=== Begin Enclosure ===
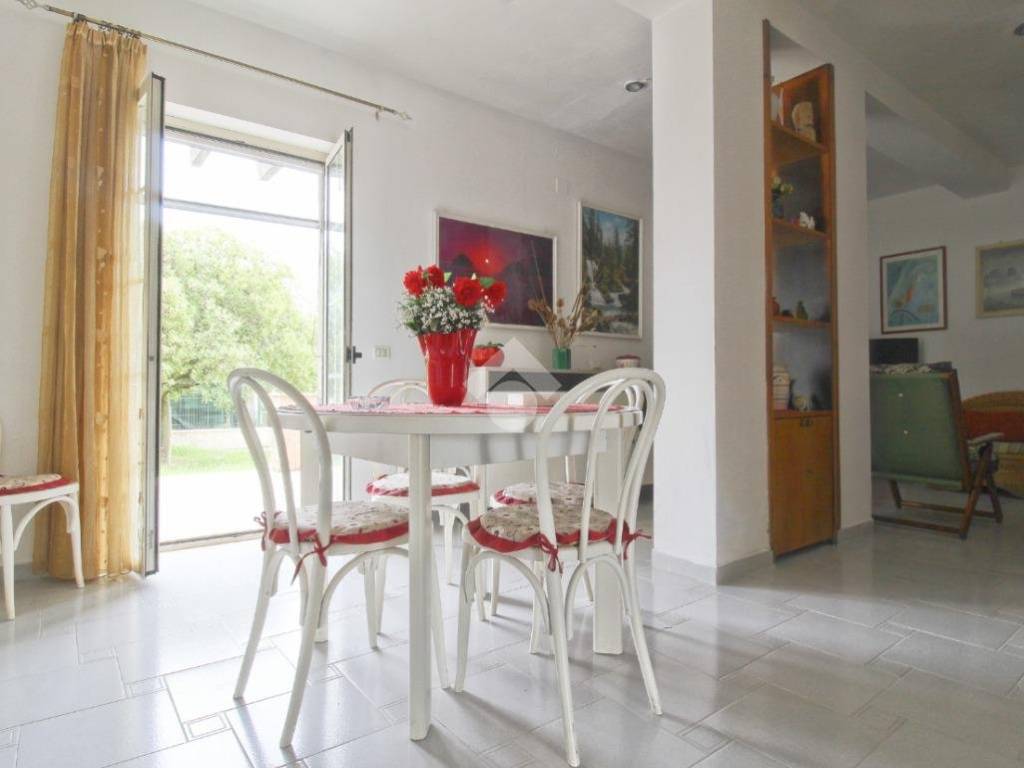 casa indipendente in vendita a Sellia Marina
=== End Enclosure ===
=== Begin Enclosure ===
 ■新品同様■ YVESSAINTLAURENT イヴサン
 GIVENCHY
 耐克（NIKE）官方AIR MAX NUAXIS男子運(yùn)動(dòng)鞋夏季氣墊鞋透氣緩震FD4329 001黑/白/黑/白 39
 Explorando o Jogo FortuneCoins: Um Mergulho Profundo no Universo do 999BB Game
=== End Enclosure ===
=== Begin Enclosure ===
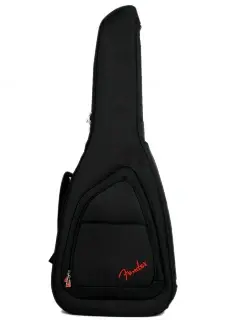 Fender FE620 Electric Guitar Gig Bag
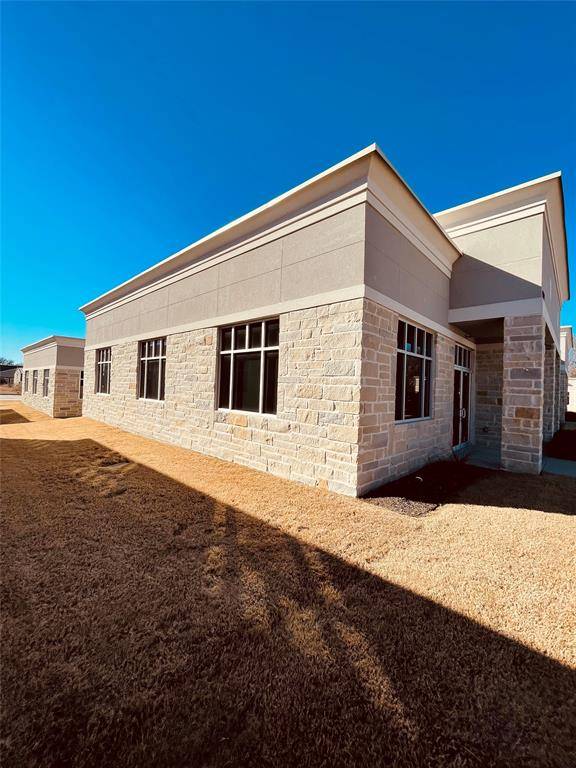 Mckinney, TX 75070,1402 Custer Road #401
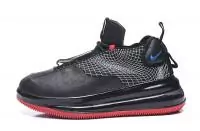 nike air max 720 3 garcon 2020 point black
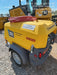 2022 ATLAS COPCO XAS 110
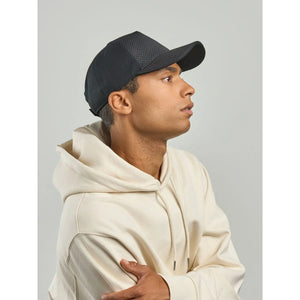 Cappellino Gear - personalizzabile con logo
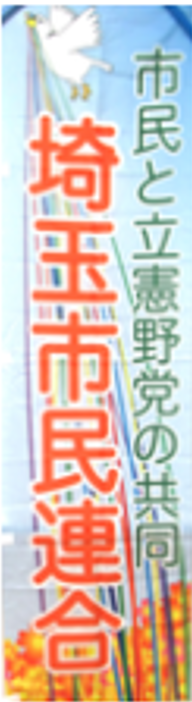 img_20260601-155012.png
=== End Enclosure ===
Find the line with "Fender FE620 Electric Guitar Gig Bag" in the data above, and from there retype each line exactly through the line with "img_20260601-155012.png", skipping the pictures along the way.

Solution to this task
 Fender FE620 Electric Guitar Gig Bag
 Mckinney, TX 75070,1402 Custer Road #401
 nike air max 720 3 garcon 2020 point black
 2022 ATLAS COPCO XAS 110
 Cappellino Gear - personalizzabile con logo
 img_20260601-155012.png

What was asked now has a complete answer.